Tribunale
Divisi, erano stati lontani dai guai per un paio d'anni. Il primogenito perché in carcere, l'altro forse per il timore di fare la stessa fine o più semplicemente in seguito a una sterzata. Giovanissimo, classe 2002, aveva seguito corsi professionali, che di certo gli avrebbero aperto la strada per un posto di lavoro. Si era anche fidanzato. Un taglio netto, sembrava, al periodo burrascoso costellato, sia per lui che per il fratello maggiore di un anno, di fin troppi incontri ravvicinati con le forze dell'ordine per scorribande da baby gang. Lunga, la lista di reati contro la persona e il patrimonio contestata a entrambi, nordafricani di origine ma nati a Parma, prima dei due anni di tregua. Lunga e cominciata quando entrambi erano poco più che bambini. I problemi si sono ripresentati quando, scarcerato il primogenito, i due fratelli si sono ritrovati. Un incontro che li avrebbe presto riportati davanti al giudice.

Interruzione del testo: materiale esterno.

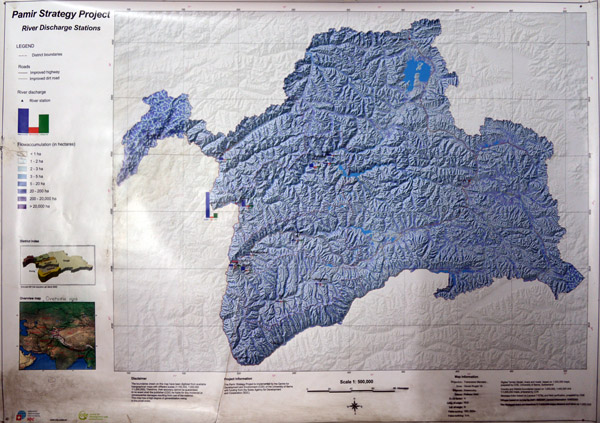 Map of the Pamir Strategy Project River Discharge Stations, 2002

Erano le 4 del 13 maggio scorso, quando da viale Piacenza un cittadino chiamò il 112, vedendo alcuni ragazzi armeggiare con il lucchetto di una bicicletta legata a un palo. Al suo arrivo, la pattuglia del Nucleo radiomobile non vide nessuno nel punto segnalato, ma notò dei giovani nel vano che ospita un distributore automatico di bibite vicino a piazzale Pablo. La richiesta dei carabinieri di mostrare i documenti scatenò un putiferio. Il ventunenne di origini marocchine dapprima rifiutò di lasciarsi identificare, facendosi forte anche dei propri trascorsi in carcere. I carabinieri ovviamente insistettero, aggiungendo di essere pronti a procedere al fermo per identificazione. A quel punto, il giovane sfoderò una lama, minacciando di tagliarsi la gola se non l'avessero lasciato andare. Ci fu, nel gruppetto, anche chi provò a calmare la situazione, ma il trambusto (con il rischio che qualcuno si ferisse) fu tale che il ragazzo con la lama riuscì ad allontanarsi, dopo che un altro aveva sferrato un colpo a un appuntato.
Nella fuga, però, seminò un portafogli. All'interno, furono trovati i documenti di un giovane italiano, derubato la notte prima in un circolo cittadino. Dal portafogli saltò fuori anche una tessera Arci intestata a una ragazza. Poche ore dopo, sarebbe emersa una tessera ancora più preziosa: al Fidenza Village, dove un ragazzo nordafricano era stato arrestato per aver acquistato capi d'abbigliamento per 300 euro con la carta di credito della proprietaria della tessera Arci. Raccolte le informazioni dai colleghi fidentini, i carabinieri di Parma scoprirono che a usare la carta di credito era stato il giovane che aveva colpito l'appuntato. Il giovane, arrestato, finì ai domiciliari.
Attraverso le foto segnaletiche, fu riconosciuto anche il fratello: per i carabinieri era colui che aveva brandito la lama la notte prima in viale Piacenza a Parma. Nel frattempo, era emerso che oltre alla carta di credito alla giovane era stato rubato il cellulare. Seguendo il suo segnale, i carabinieri erano riusciti a ritrovarlo nel negozio di telefonia gestito da uno straniero. L'uomo raccontò che gli era stato portato da due giovani che volevano farlo sbloccare. Messo di fronte alle foto segnaletiche dei due fratelli, disse di riconoscere entrambi. E così il minore, che avrebbe dovuto essere ai domiciliari, finì nei guai anche per evasione, oltre che per ricettazione, utilizzo di carta di credito rubata e resistenza a pubblico ufficiale. Ieri, i due sono stati processati con rito abbreviato dal Gup. Il giudice Sara Micucci ha accolto le richieste del pm Ignazio Vallario. Il 20enne, assistito dall'avvocato Cristina Salvi (che, come la collega preanuncia il ricorso), è stato condannato a tre anni e 8 mesi. L'altro, difeso dall'avvocato Monica Moschioni, a due anni e un mese. Il primo è stato rinchiuso nel carcere di Modena; l'altro è ai domiciliari in una comunità terapeutica. Oltre a quello della reciproca infausta influenza, ci sarebbe anche un problema di dipendenza da stupefacenti. Cosiddetti leggeri, ma usati, sembra, in maniera pesante.